Recordaba entre sollozos, Adoración Zubeldía, viuda del concejal de UPN Jorge Javier Múgica, asesinado por la Eta hace diez años, desbaratada por el dolor y ante la sala enmudecida, las muy amargas circunstancias en que se vio arrastrada a contemplar el cobarde y cruel asesinato de su marido: “Ese día no fui con él a la tienda a trabajar. Habíamos estado fuera unos días y me quedé organizando la casa. Escuché la terrible explosión… supe al instante que era él. Me asomé a la ventana y vi la furgoneta nuestra envuelta en llamas. Medio sonámbula, me fijé un poco más… el coche estaba ardiendo… mi marido estaba allí, contra un arbusto, quemándose…”.
La juez Murillo debió ver entonces algún gesto jocoso entre los acusados. “Y encima se ríen estos cabrones”, explotó por lo bajo ante su compañero de tribunal. Luego relató la viuda el calvario de amenazas recibidas antes del asesinato: las pintadas con dianas, los robos en la tienda, la quema de otra furgoneta arrasada. Sólo por casualidad ni ella ni su hijo murieron también de esa vil manera aquel día. La chulería, el descaro, la ausencia de la más mínima señal de arrepentimiento y de la más elemental empatía ante el sufrimiento causado, y a su lado mismo revivido, siguen siendo las señas de identidad de los etarras. Ni de los acusados en el juicio, ni de los bilduitarras que les apoyan, sean los que acuden a la vista, orgullosos de jalear a sus heroicos txapotes, sean los que se apalancan ya en las instituciones representativas, que ni mu han dicho. Es lo que hay.
Es cierto que la juez Murillo retrató con su exabrupto a los etarras a la perfección. Ni el prodigioso artista del siglo de Oro español con su mismo nombre hubiera pintado mejor de un solo trazo a esos angelotes mofletudos y psicópatas de la Eta. Pero es cierto también que demostró, a mi juicio, una alarmante falta de profesionalidad, a todas luces impropia de su responsabilidad. Luego las radios, las televisiones, los diarios, los digitales ni te cuento, se han lanzado con fruición a repetir ad náuseam la grosería, recreándose en la suerte, como si la jueza hubiera levantado la veda y los “profesionales de la información” ardieran en deseos de pronunciar también ellos, como niños malcriados, la palabrota de marras.
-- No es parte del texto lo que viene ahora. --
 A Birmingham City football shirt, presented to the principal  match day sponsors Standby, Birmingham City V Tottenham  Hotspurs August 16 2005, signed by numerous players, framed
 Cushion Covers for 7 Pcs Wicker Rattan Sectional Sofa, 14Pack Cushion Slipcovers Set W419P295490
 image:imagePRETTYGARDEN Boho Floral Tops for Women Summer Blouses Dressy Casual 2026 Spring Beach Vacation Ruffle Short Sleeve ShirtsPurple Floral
Por todas partes resuenan los cuernos de cientos de machos cabríos pero que muy mal hablados.
Ya, ya sé que está la palabra en el diccionario de la Rae, y que Cela tal y cual. No soy ningún cursilón del almidón. Pero veo en ese regusto malsano por lanzarse encantados por el tobogán de los tacos una demostración más de la derrota del Pensamiento que ayer te conté y del pernicioso influjo de la “GranHermanización” de la sociedad entera, esto es, del Reinado de la Mugre: esa mezcla insolente de banalidad y vulgaridad. ¡Cómo extrañarse luego de que por las modernísimas redes sociales circule a todo gas el más tabernario de los lenguajes, cuajado, sin conciencia de culpa alguna, de las bajezas más infamantes! ¿Quién es el guapo que una vez más le recuerda a esta prominente juez, y a tantos eminentes líderes de opinión, la frase aquella de Wittgenstein que reza que “los límites de mi lenguaje son los límites de mi mundo”?
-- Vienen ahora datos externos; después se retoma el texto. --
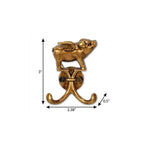 Two Hook 2" Antiqued Gold Cast Iron Pig Wall Hooks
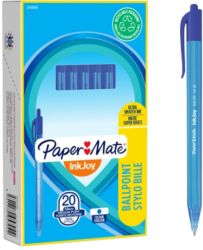 PaperMate Inkjoy 100 Retractable Ballpoint Pens Blue Pack of 20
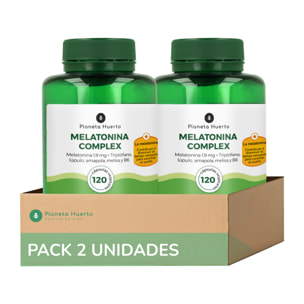 PLANETA HUERTO | Pack 2x Melatonina Complex con Triptófano, Lúpulo, Melisa, Amapola y Vitamina B6, Suplemento Natural para Dormir Mejor y Reducir el Estrés - Melatonina Complex 120 Cápsulas Vegetales, Sin Gluten ni Lactosa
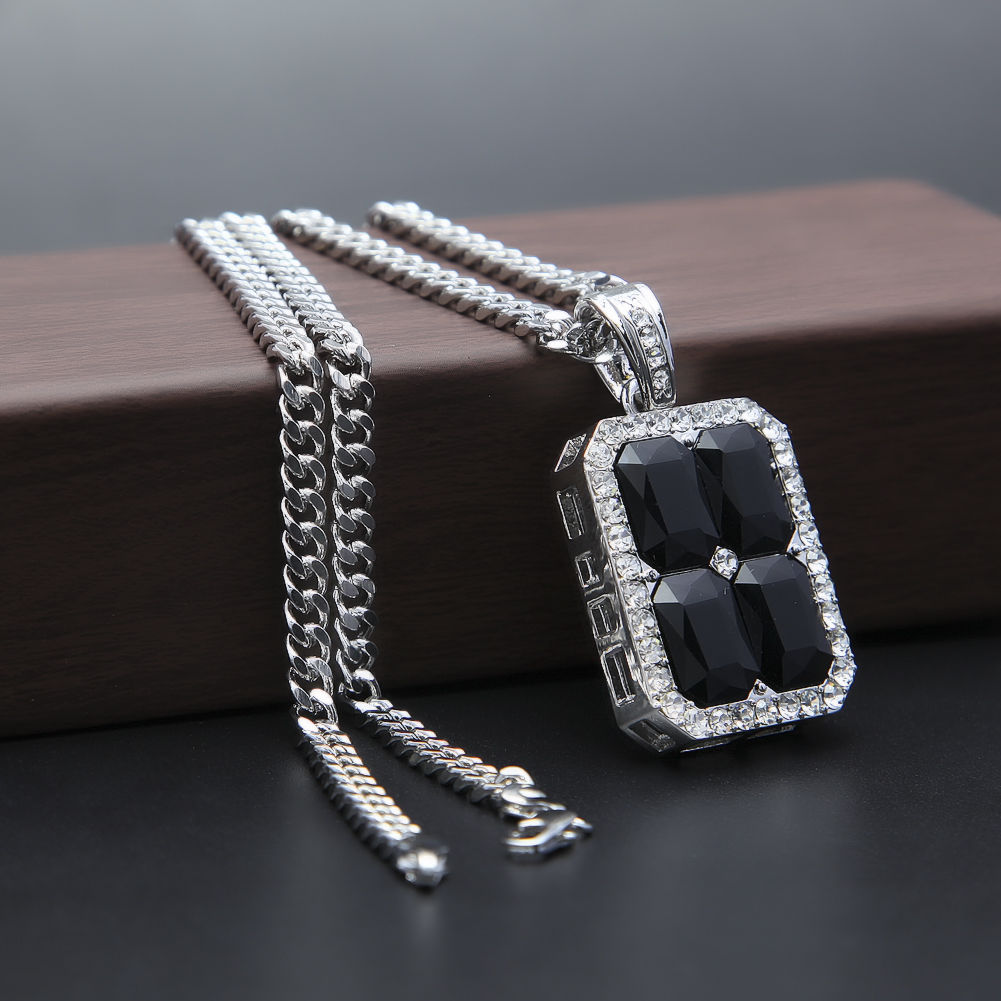 New Blue Red Black Ruby CZ Crystal Pendant Necklace Hip Hop Necklace Gold Plated Cuban Chain Silver Gold Men's Jewelry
La nada interbloguera que uno es –mejor que todo lo demuestra, lector, el que ni tú ni yo nos llevamos ni un euro al bolso por escribir lo nuestro- se atreve a decir que cuánto mejor, por ética, por estética, y hasta por pragmática, si la juez Murillo hubiera explotado en este símil: “y encima se ríen estos de la izquierda abertzale”. He dicho.